Electric vehicles on the rise in Ohio despite infrastructure gaps

Charging an electric vehicle in central Ohio is relatively easy. Columbus has hundreds of charging stations scattered throughout the city, but as you travel further afield, charging opportunities quickly disappear.

Ruth Milligan, a longtime Clintonville resident, found this out the hard way when she drove her daughter to Michigan State University college in the family’s Volkswagen ID.4 in August.

“I had done all sorts of mapping and planning work and sent out some stuff in advance,” Milligan said.

A lot of her planning revolved around how much the car could hold, she explained. But weight was less of an issue than drag.

With luggage on the roof and a bike strapped to her back, the wind drag drained her car’s battery faster than expected. She realized that they would not make it to their planned stopover in Toledo.

“We found ourselves in a Mexican restaurant in the middle of Findlay, Ohio, and we were like, ‘How can we imagine coming to East Lansing?’ and the first thing we had to do was imagine not using that car to get there,” she said.

Milligan’s story illustrates the unequal distribution of charging stations across the state.

The US Department of Energy shows more than 1,400 station locations in Ohio, mostly located near urban centers.

But state officials say the road ahead is increasingly gas-free and Ohio needs to prepare for it.

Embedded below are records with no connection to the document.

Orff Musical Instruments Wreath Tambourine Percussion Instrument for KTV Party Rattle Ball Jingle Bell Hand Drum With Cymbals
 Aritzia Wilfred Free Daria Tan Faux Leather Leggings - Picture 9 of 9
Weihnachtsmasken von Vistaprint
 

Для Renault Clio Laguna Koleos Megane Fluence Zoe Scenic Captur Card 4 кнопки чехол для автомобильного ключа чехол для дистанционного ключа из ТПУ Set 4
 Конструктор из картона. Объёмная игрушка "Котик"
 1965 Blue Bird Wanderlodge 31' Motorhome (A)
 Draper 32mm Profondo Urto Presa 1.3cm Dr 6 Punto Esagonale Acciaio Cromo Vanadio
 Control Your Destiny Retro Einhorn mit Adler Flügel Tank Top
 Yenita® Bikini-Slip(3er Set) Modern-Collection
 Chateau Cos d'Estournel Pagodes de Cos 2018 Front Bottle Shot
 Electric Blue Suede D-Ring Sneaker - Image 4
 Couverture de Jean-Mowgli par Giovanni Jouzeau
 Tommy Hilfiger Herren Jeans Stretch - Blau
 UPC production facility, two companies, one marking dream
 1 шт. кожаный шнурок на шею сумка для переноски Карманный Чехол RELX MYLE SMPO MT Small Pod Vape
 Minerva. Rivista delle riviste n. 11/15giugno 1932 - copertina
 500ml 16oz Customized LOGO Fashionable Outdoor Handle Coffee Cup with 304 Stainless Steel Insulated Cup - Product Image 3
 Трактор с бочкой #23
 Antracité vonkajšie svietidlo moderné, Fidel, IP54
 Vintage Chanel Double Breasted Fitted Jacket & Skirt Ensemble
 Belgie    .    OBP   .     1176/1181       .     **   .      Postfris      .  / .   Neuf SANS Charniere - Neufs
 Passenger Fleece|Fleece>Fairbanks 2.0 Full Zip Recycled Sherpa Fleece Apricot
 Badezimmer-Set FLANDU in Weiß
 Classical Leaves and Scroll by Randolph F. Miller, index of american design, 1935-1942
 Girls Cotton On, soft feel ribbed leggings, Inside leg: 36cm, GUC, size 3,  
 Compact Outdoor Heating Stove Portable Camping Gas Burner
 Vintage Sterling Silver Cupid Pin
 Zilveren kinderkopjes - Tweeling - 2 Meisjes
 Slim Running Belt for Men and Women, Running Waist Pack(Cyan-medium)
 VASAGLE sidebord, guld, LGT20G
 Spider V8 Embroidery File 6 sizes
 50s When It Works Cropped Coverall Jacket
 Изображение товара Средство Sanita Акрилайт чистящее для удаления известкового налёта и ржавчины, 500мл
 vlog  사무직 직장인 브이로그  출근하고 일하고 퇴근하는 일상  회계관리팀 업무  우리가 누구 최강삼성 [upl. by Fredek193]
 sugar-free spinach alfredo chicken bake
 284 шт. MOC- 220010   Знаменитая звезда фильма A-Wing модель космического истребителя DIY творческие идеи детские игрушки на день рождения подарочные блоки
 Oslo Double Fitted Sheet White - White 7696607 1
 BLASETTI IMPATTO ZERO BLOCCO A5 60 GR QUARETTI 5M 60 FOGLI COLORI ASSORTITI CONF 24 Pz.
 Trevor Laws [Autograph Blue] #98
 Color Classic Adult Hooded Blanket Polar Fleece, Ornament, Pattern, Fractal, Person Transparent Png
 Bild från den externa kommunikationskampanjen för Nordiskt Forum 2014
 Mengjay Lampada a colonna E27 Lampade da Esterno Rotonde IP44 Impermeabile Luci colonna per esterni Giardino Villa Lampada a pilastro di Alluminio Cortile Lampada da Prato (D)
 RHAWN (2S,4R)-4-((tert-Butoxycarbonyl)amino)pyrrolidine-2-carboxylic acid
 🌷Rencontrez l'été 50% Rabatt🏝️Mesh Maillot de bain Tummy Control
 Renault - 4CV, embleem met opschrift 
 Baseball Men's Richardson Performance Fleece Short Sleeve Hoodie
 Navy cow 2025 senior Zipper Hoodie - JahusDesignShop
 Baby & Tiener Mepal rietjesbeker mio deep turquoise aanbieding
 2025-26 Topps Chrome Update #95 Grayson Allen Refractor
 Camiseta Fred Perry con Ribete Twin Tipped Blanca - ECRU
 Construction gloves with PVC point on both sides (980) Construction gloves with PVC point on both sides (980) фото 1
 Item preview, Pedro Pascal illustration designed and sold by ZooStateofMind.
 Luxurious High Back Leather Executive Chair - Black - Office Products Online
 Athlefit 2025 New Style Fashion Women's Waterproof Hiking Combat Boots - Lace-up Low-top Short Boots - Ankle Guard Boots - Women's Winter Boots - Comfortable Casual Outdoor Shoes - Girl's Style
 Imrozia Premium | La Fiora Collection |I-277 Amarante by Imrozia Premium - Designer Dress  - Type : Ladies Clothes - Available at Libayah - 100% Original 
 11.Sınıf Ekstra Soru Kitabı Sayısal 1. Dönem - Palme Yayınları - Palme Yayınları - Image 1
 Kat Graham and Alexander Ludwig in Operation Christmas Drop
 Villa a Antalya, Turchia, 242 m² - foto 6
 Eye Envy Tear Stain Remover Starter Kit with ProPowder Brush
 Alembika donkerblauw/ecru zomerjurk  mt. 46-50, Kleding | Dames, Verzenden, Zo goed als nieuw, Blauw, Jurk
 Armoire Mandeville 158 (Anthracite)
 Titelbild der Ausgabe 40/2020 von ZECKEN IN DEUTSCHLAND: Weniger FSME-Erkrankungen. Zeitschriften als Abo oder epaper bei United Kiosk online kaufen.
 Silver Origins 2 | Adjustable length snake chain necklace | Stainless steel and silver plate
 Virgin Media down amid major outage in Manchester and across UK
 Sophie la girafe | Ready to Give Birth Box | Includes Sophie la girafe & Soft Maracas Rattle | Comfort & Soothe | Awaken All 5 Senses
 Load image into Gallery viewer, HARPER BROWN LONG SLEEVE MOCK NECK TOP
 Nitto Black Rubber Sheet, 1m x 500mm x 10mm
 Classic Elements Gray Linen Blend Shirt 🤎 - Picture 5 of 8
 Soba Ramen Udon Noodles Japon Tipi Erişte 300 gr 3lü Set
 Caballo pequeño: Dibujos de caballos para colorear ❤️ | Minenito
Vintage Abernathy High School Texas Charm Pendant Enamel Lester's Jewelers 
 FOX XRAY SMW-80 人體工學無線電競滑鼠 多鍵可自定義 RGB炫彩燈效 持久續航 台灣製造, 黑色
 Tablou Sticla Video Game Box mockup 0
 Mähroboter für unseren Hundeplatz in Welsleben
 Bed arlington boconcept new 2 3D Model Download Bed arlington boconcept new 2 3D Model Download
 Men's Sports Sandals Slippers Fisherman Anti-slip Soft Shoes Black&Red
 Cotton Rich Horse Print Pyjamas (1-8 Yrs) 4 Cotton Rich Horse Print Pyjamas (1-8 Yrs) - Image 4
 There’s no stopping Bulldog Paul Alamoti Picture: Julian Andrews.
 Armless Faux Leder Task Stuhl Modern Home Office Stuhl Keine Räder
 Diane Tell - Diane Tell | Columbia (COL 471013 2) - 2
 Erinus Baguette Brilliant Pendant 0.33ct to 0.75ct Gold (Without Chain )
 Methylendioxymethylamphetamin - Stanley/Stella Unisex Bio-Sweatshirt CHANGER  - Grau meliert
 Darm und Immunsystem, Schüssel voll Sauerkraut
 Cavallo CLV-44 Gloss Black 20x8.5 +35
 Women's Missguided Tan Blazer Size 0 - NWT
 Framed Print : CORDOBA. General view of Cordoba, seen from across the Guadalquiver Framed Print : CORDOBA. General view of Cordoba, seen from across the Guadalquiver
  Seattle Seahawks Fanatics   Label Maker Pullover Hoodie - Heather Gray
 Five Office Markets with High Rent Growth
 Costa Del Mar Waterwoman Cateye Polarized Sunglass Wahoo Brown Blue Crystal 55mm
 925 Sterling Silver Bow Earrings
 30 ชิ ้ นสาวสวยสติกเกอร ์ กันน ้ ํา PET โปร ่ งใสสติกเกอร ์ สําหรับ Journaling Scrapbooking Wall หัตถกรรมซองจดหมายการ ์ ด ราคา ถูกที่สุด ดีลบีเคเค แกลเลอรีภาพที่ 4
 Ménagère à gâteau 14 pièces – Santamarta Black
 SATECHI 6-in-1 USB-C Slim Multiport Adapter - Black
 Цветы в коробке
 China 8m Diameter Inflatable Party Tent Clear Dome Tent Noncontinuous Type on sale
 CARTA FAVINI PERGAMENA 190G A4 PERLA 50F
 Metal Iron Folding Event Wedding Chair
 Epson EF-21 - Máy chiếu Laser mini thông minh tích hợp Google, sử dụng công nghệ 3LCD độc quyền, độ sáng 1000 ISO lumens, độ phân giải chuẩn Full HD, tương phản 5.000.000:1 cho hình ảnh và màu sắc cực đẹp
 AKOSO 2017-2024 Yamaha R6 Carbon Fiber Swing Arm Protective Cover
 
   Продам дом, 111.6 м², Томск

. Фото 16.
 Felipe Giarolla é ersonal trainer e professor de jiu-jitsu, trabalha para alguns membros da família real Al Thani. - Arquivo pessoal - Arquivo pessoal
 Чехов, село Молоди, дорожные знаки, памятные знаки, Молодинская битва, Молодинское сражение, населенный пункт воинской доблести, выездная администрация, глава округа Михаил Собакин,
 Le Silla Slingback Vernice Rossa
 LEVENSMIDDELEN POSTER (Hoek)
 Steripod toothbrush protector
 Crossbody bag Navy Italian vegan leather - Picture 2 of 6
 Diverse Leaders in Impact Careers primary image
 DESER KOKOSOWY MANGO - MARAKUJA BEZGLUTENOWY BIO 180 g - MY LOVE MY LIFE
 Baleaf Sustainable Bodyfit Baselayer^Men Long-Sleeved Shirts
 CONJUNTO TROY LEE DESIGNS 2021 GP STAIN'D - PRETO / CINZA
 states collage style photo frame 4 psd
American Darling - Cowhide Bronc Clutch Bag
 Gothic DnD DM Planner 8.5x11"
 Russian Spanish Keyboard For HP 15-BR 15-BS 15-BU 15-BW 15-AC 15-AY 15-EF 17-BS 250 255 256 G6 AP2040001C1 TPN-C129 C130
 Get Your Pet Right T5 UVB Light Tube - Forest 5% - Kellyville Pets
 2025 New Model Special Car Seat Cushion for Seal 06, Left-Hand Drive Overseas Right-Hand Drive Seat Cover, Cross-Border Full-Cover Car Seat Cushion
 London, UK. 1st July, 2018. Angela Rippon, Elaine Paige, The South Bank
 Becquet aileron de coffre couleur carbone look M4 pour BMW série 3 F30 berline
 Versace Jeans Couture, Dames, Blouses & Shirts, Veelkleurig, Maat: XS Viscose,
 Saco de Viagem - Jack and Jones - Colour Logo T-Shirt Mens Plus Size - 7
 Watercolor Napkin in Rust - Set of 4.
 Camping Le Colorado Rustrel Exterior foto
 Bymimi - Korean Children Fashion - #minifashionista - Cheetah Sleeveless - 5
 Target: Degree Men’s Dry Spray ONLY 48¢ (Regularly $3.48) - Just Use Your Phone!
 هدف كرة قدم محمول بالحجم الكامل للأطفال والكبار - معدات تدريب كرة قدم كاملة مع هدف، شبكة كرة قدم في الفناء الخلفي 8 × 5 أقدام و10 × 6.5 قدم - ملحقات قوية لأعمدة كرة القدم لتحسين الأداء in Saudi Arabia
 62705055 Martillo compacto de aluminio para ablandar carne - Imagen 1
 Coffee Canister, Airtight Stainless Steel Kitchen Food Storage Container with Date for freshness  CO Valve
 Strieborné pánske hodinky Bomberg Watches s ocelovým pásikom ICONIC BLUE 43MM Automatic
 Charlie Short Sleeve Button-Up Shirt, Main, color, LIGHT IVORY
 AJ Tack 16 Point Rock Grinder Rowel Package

“Automakers have signaled and indicated that they will be moving to electrified vehicles fairly quickly over the next five to 10 years,” said Preeti Choudhary, executive director of DriveOhio.

DriveOhio recently began accepting proposals for companies to build and operate EV fast charging stations across the state.

“These fast chargers could charge a battery and an electric vehicle battery in 20 to 40 minutes, compared to Tier 2 chargers, which would take between four and eight hours to get the same charge. So they have a significantly higher performance,” she said.

There are currently only 13 fast charging stations in Ohio that meet national standards, e.g. B. are one mile from a freeway exit and have at least four charging ports.

Choudhary said plans call for Ohio to add 30 more locations by 2025, located every 50 miles along freeways and state roads.

“We want to make sure everyone has reliable and safe access to fast chargers,” she said.

Electric cars are becoming increasingly popular in the state. It’s not just early adopters who are buying electric vehicles, but more and more transmissions as well, said Zach Doran, president of the Ohio Automobile Dealers Association.

“The performance of these cars and trucks is incredible,” said Doran. “They are super fast. They have a lot of torque. It’s fun to drive. And that’s why I think people are becoming more and more willing to look at them,” he said.

However, some are skeptical that Ohio is ready to move to electric vehicles.

Brian Rothenberg has eight years of automotive public relations experience.

“On the one hand you have to prepare for the future and that is the future of vehicles. But on the other hand, it’s one of those rare cases where demand has to meet expectations at some point,” Rothenberg said.

Battery life needs to be improved for electric vehicles to be truly viable, Rothenberg said. He also fears that despite government investment, there will be insufficient chargers in some areas.

“If you live in an apartment or are downtown, where will you plug your vehicle? How long does charging take? Those are all things that need to be worked on,” he said.

He’s also concerned about auto workers getting a fair wage.

“There are over 240 parts that go into an internal combustion engine, and all the jobs that make those parts need to make a lot fewer parts when you go to a battery-powered vehicle. So are these jobs paid the same as car jobs?” he said.

However, state and industry leaders say Ohio is poised to transition to electric vehicles.

“[Ohio auto dealers] are very involved in this process. They all buy specialty tools and equipment and do training with their technicians to prepare them for selling and servicing those vehicles and answering consumers’ questions,” Doran said.

EV owner Ruth Milligan said her story is a cautionary tale but hopes it doesn’t discourage potential EV buyers.

“We will continue to bring this car to Michigan, but without a roof or a bike rack,” she said.